TASK ITEM
The response consists of the lines from the start of the material below through the line holding "NWT Pacsun Rainbow", repeated word for word and without pictures.

DATA

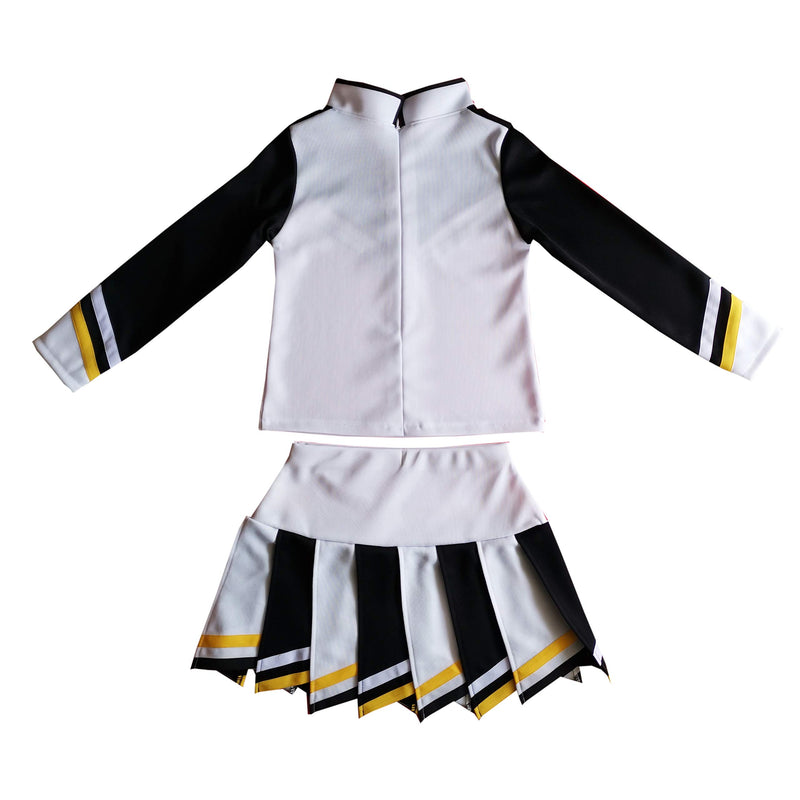 [AUSTRALIA] - Kids/Girls' Children Minis Sport Cheerleader Cheerleading Long Sleeves Costume Uniform Outfit Dress White/Black (M / 5-8) 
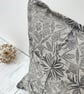 Hand Printed Organic Cotton Square Cushion - ASTA - Lavender Grey - Image 2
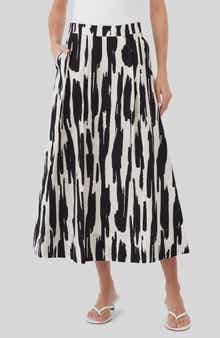 Cotton Print Midi Skirt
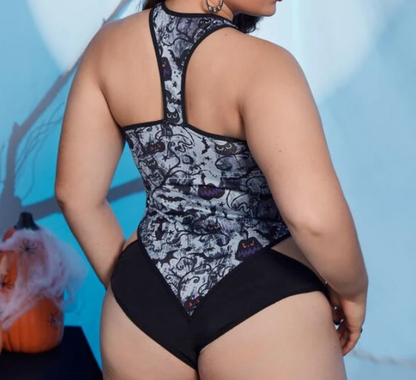 Body Multicolor de Estampado de Dibujos Animados con Aberturas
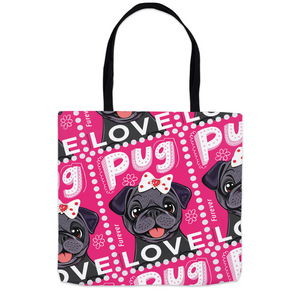 Black Pug "Furever Stamp" Tote Bag | 3 Sizes | FREE SHIPPING!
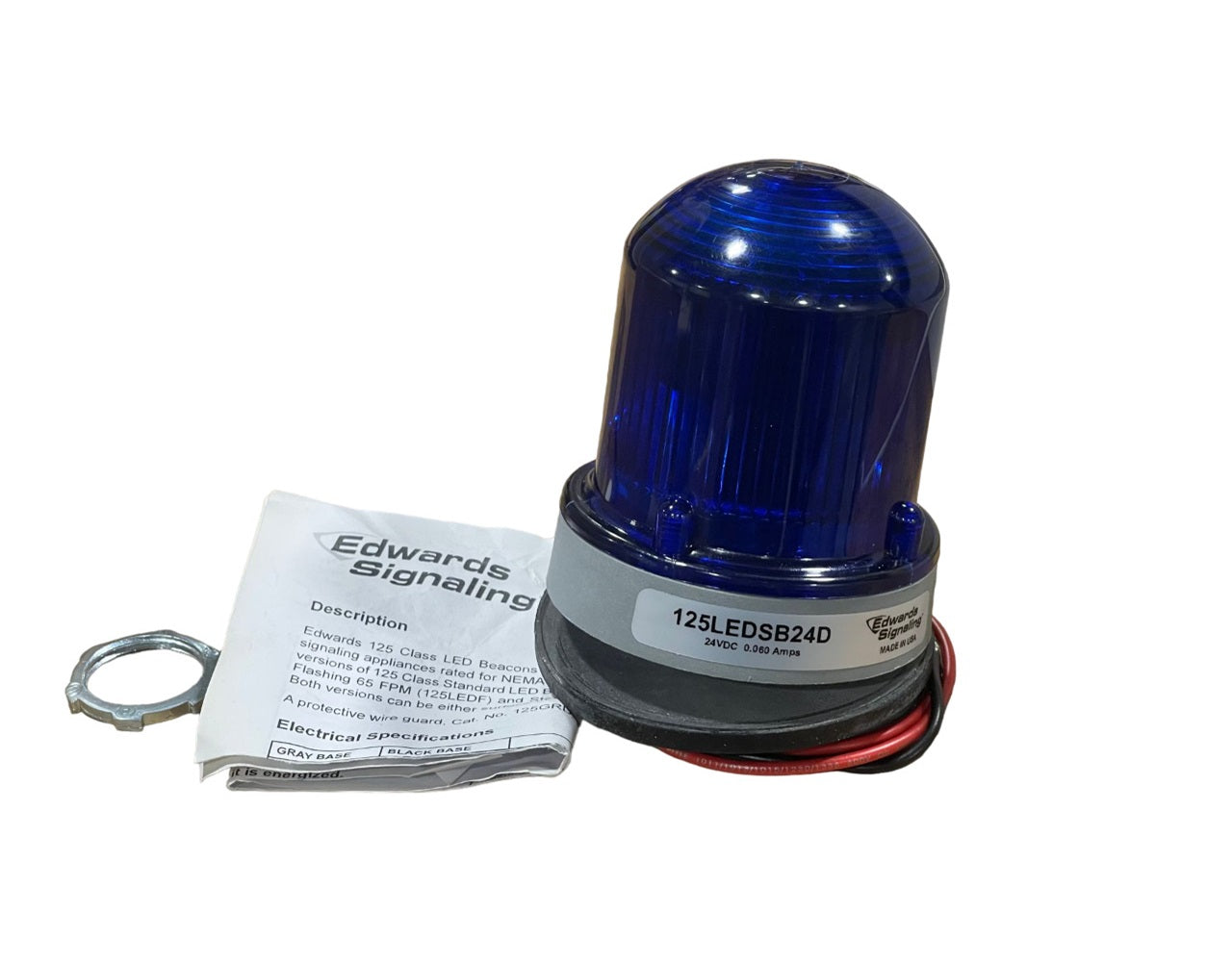 Edwards Signaling 125LEDSB24D 125 LED Beacon Steady Blue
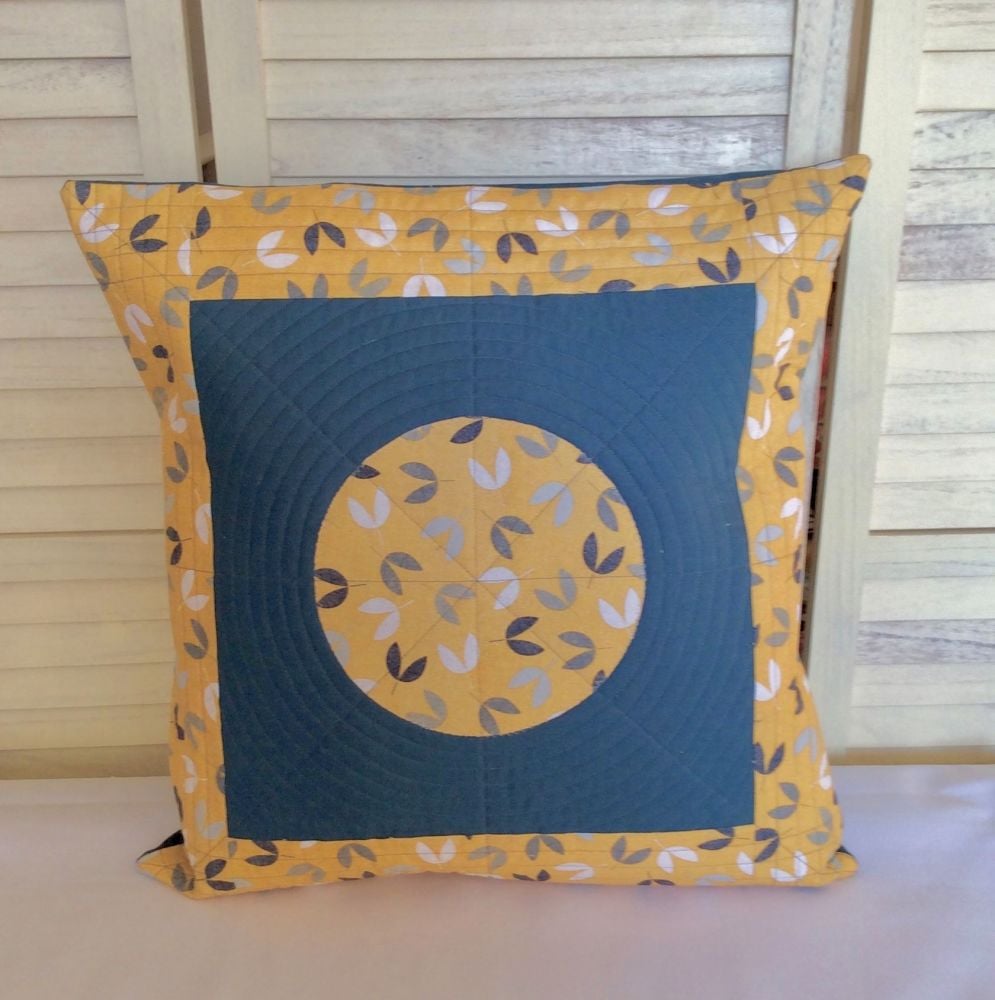 Scattered Seeds (Circle on Teal) Quilted Cushion Cover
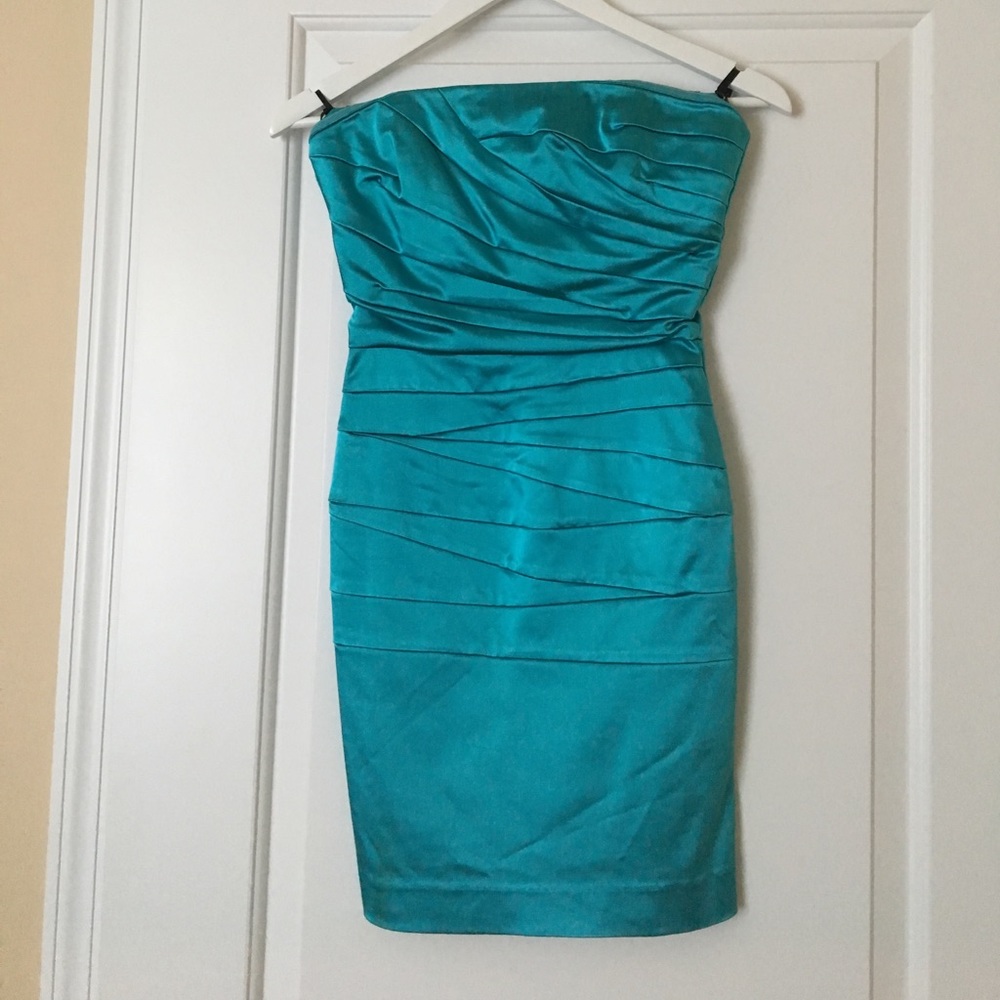 Bebe satin strapless dress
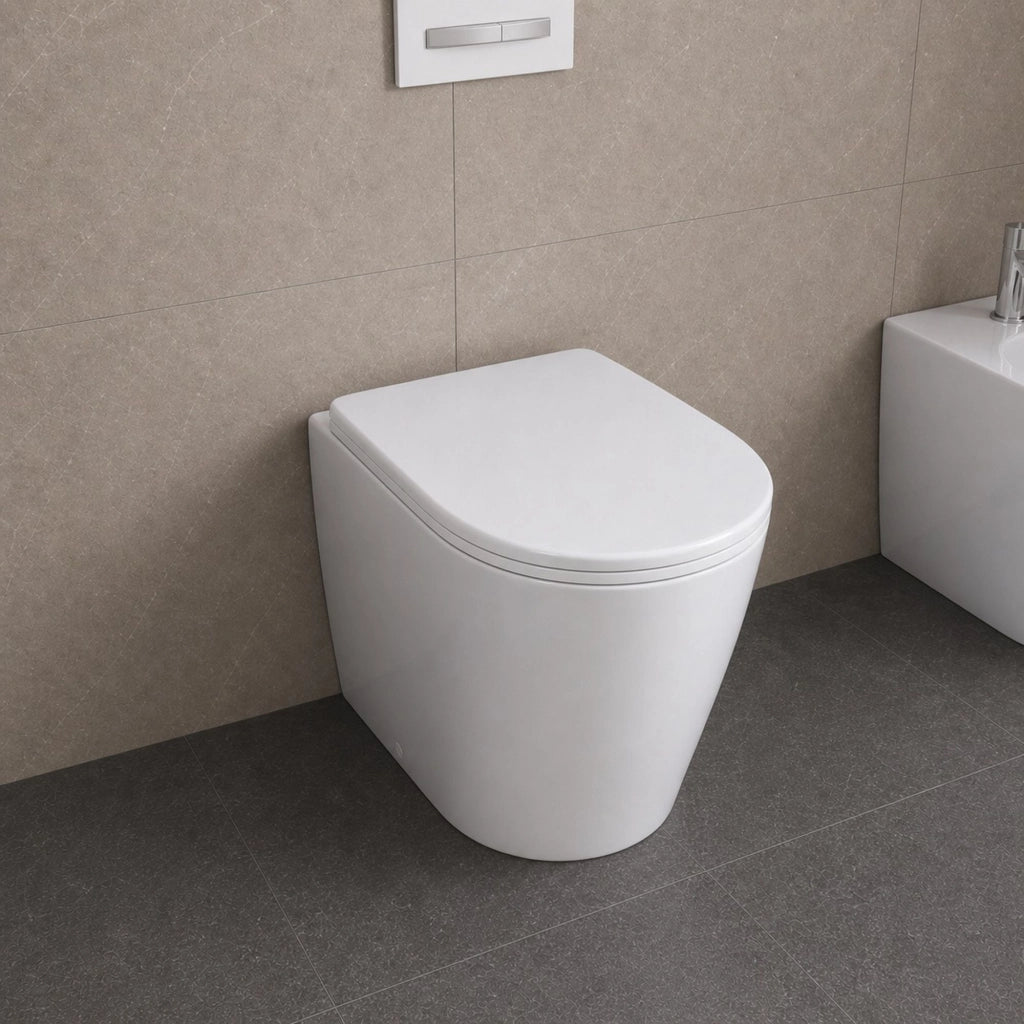 Vaso wc ceramica serie giunone a pavimento bianco lucido filo parete *** accessori senza fissaggi, confezione 1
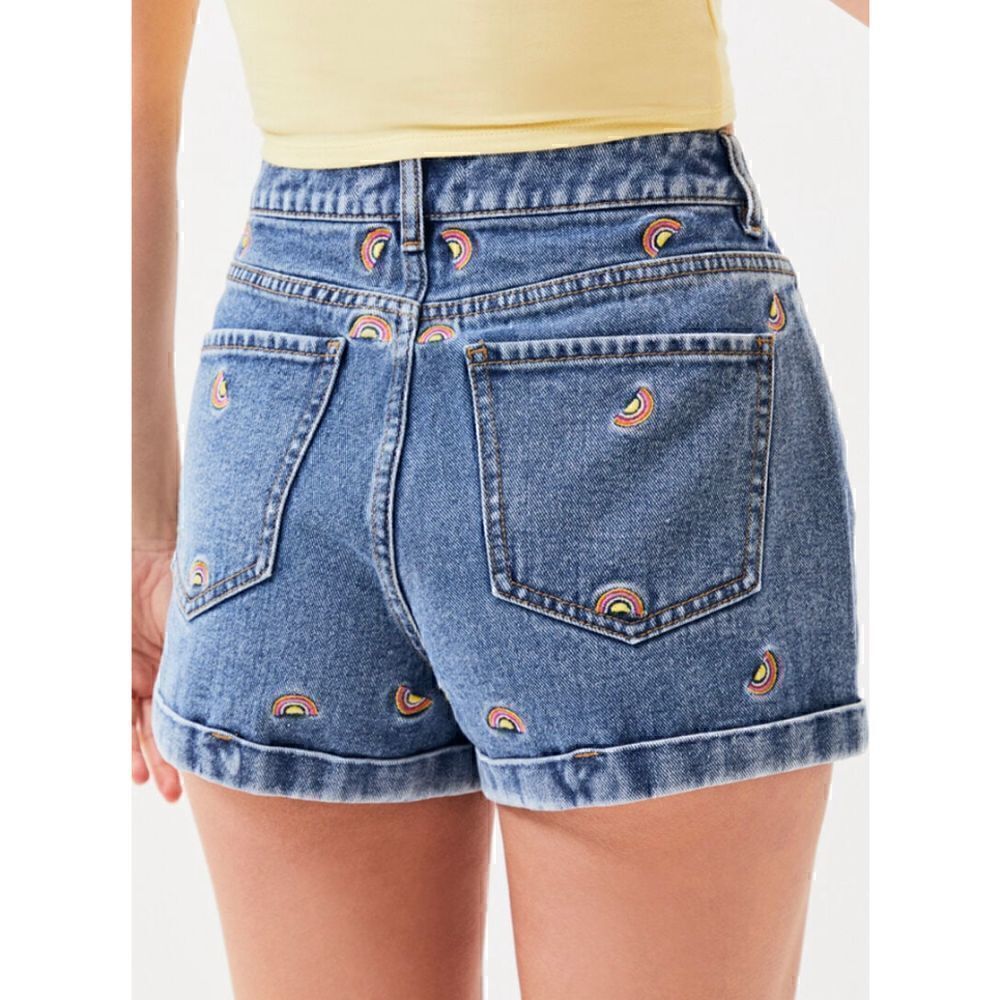 NWT Pacsun Rainbow Embroidered Mom Shorts Size 23 - Picture 2 of 6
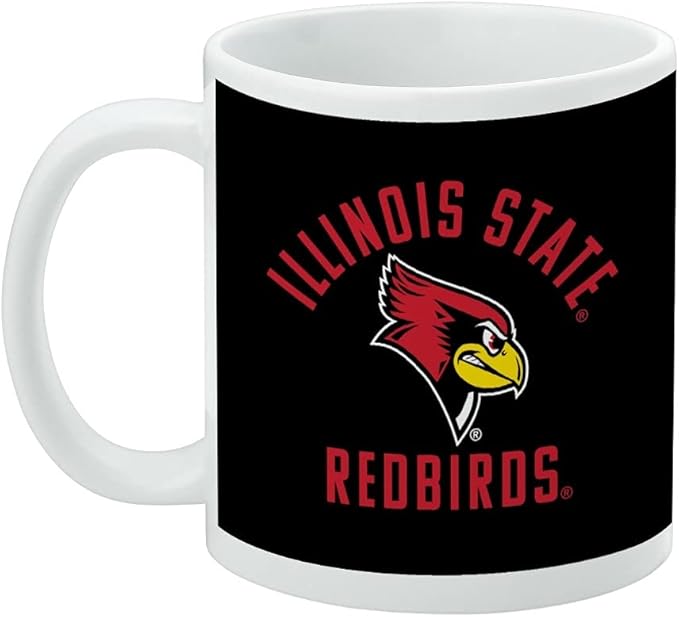 Illinois State Redbirds Ceramic Coffee Mug, Novelty Gift Mugs for Coffee, Tea and Hot Drinks, 11oz, White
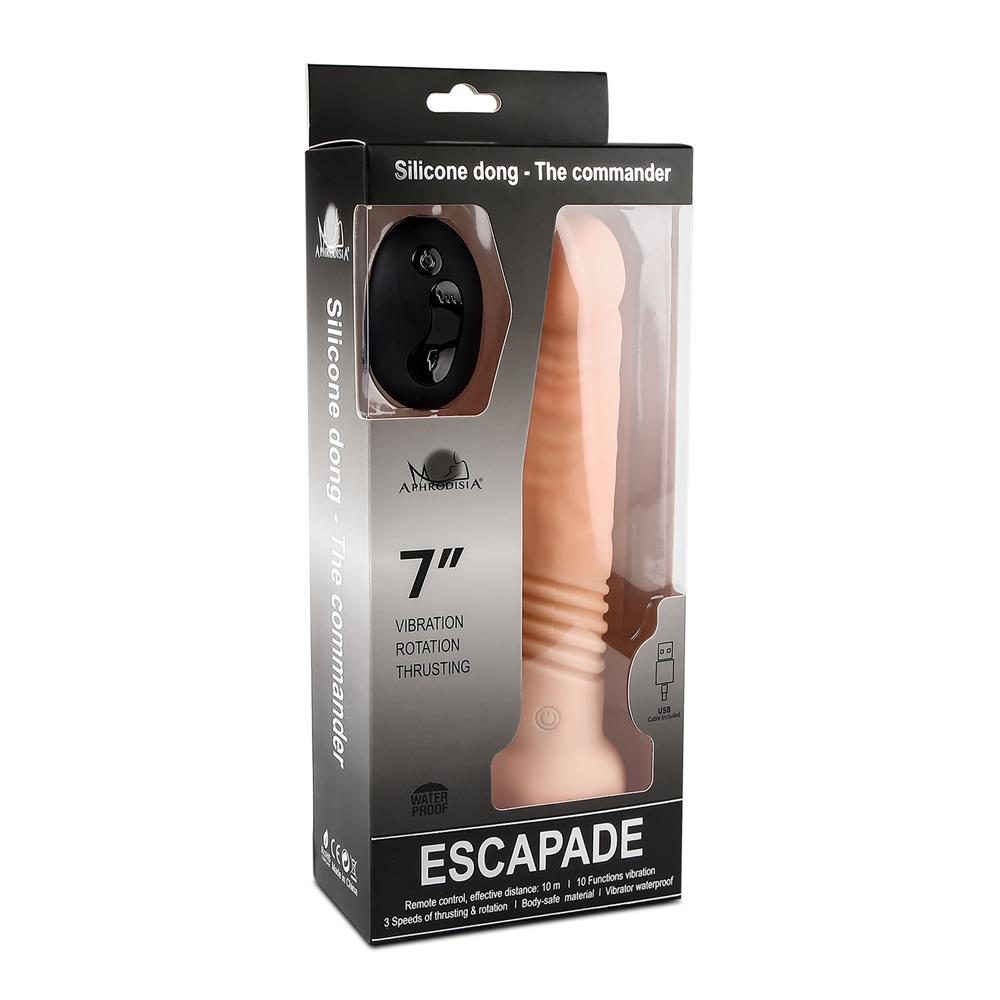 Flesh Color 10 Functions Remote Control Silicone Rechargeable Vibrating and Thrusting Dildo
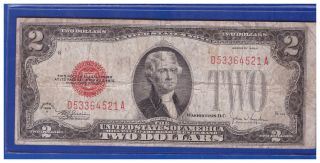 1928f $2 Dollar Bill Old Us Note Legal Tender Paper Money Currency Red Seal N - 93 photo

SOLUTION TO THE PROBLEM
 [AUSTRALIA] - Kids/Girls' Children Minis Sport Cheerleader Cheerleading Long Sleeves Costume Uniform Outfit Dress White/Black (M / 5-8) 
 Hand Printed Organic Cotton Square Cushion - ASTA - Lavender Grey - Image 2
 Cotton Print Midi Skirt
 Body Multicolor de Estampado de Dibujos Animados con Aberturas
 Black Pug "Furever Stamp" Tote Bag | 3 Sizes | FREE SHIPPING!
 Edwards Signaling 125LEDSB24D 125 LED Beacon Steady Blue
 Scattered Seeds (Circle on Teal) Quilted Cushion Cover
 Bebe satin strapless dress
 Vaso wc ceramica serie giunone a pavimento bianco lucido filo parete *** accessori senza fissaggi, confezione 1
 NWT Pacsun Rainbow Embroidered Mom Shorts Size 23 - Picture 2 of 6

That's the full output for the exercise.